Actually, after the body had been removed once, it was relatively simple to remove the body subsequently. The consequence of the damaged lug was that care was needed when tightening the long hood coupler. If over-tightened, the platform was pulled away from the body.

Still, as they say 'all's well that end's well'. The decoder was installed, body replaced and detail parts refitted. Again, superglue was my friend. It was then test run again, this time on the layout with a typical bulk wheat load. No problems there and 4006 was then sent to the paint shop for weathering.

I have yet to see a photo of 40 class actually working in anything other than a grimy grotty condition, and by my modelling time period, the late 1960s, this was certainly the case.
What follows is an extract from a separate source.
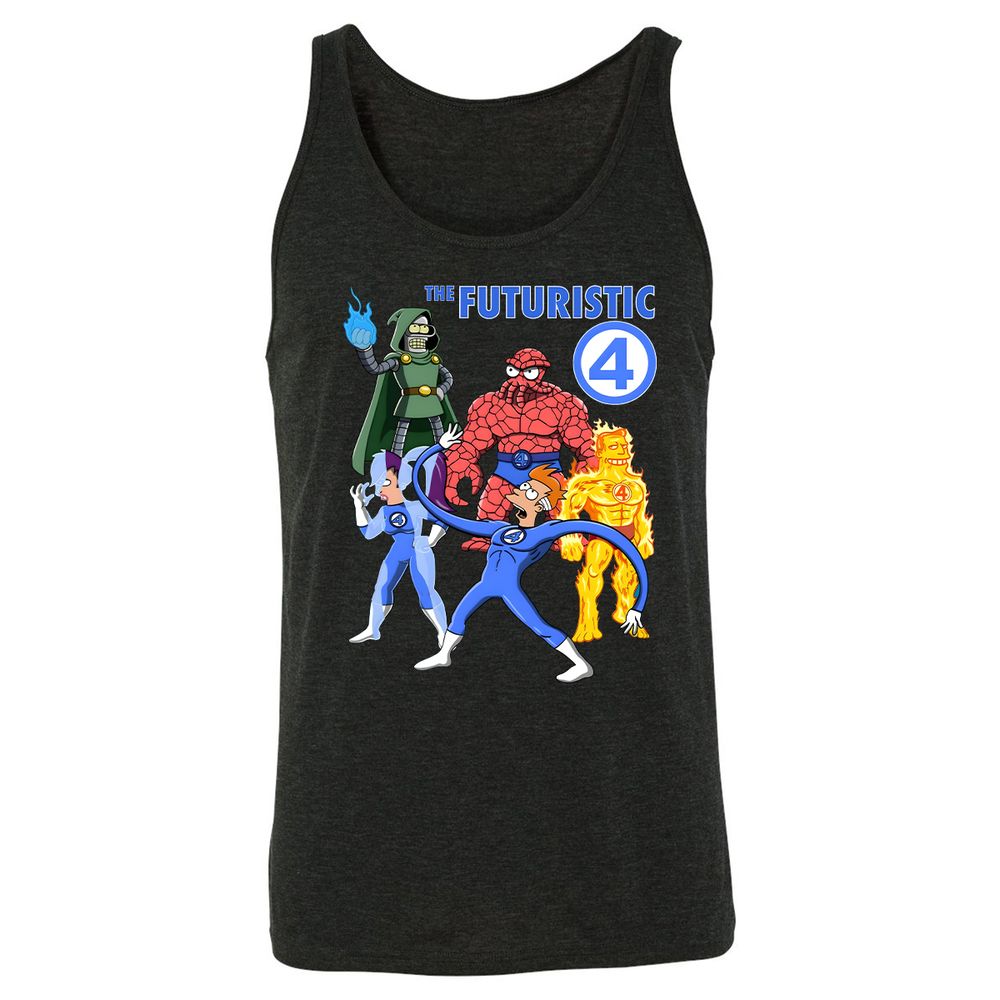 Unisex Jersey Tank - 6VNEZXRC - Charcoal Black Triblend - 5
This model had to be heavily weathered. It was now that Ross' photos came into their own as he had managed to get images of the locomotive from many different angles. Coats of rust, dust, soot and oily grime were applied in that order. Most were sprayed but rust and oil spills were supplemented with washes in specific places. A finish of Dullcote was used to seal the weathering.

So now 4006, one of those 'dowdy old 40 class' will be seen occasionally passing through Philips' Creek on its way to or from more distant locations on the Main North. I'll just have to make sure that it never appears at the same time as 44222.


  1. Phil, I took my 4003 out of the box for examination only, as its an as delivered model, my thoughts on the model considering the length of time it has taken to come is a bit mixed. Like you no instructions, and now no crew, which is pretty poor when all is considered.

    I gave the model a bit of a once over and consider the same as you with the main reservoirs, the other aspects are that for basically an as delivered version, the door louvres are not correct for a shutter equipped model but liveable. However the top of the motor cover near the exhaust stack does not have the deep cut out and grilles on the top for air intakes, to me the pad print is totally useless especially if you weather a 40cl as per in service as you have done.

    Realistically there could have been a separate panel moulded as a clip in for the top, as on the in service loco's with shutters.

    The other aspects to me are the shiny wheels and the very obvious shim brass behind the wheels and bogies.

    I never worked on a 40cl that did not have heavy oil build up along the whole length of the main covers around the Prime mover area, it caked along the bottom and ran out along the footplates as well. Grit including sand and even coal dust would make the whole lot quite thick, oil leaks also seeped down the fuel tank sides, so a real dirty loco was to be had in the main.

    1. Col,

      Thanks for the comments. I agree with you that the absence of a crew probably is below par for current industry standards. The shiny wheels can be fixed but I'm not sure how to address the brass shim behind them for fear of impeding the electrical connectivity.

      However, based on your last paragraph, I'll need to add a bit more oily grim around the footplate and fuel tank area.

      cheers Phil

    2. Phil, something else with the weathering.

      The 40cl had a 21A Bogie arrangement with the middle axle non powered, this made them very prone to slipping, same with the 59cl which was light on the drivers and could go into a slip and then a spin very quick and often without any indication. On wet tracks you had to listen closely to the beat of them.

      The 40cl was the same, and when on a heavy grade with a full load for them, it was common to see them go into a spin and not just a slip. Putting sand down in a spin was a waste of time as you simply had to shut the throttle handle and apply the independent brake to try and bring the spin under control, as the wheels settled you would put sand down and then try to ease the throttle open to get momentum again.

      This made a lot of crushed sand dust that accumulated along the bogie sides more especially on the lead wheels going back on both the leading and rear bogies. The crushed sand would give out a grey dust over the front footplate and in the area above and to the back of the leading wheel on rear bogie.

      That sand dust would mix in well with the oily foot plates.

    3. Thanks Col, a bit extra weathering to add. Will probably try a light isocol alcohol wash mixed with a light grey pastel on those areas.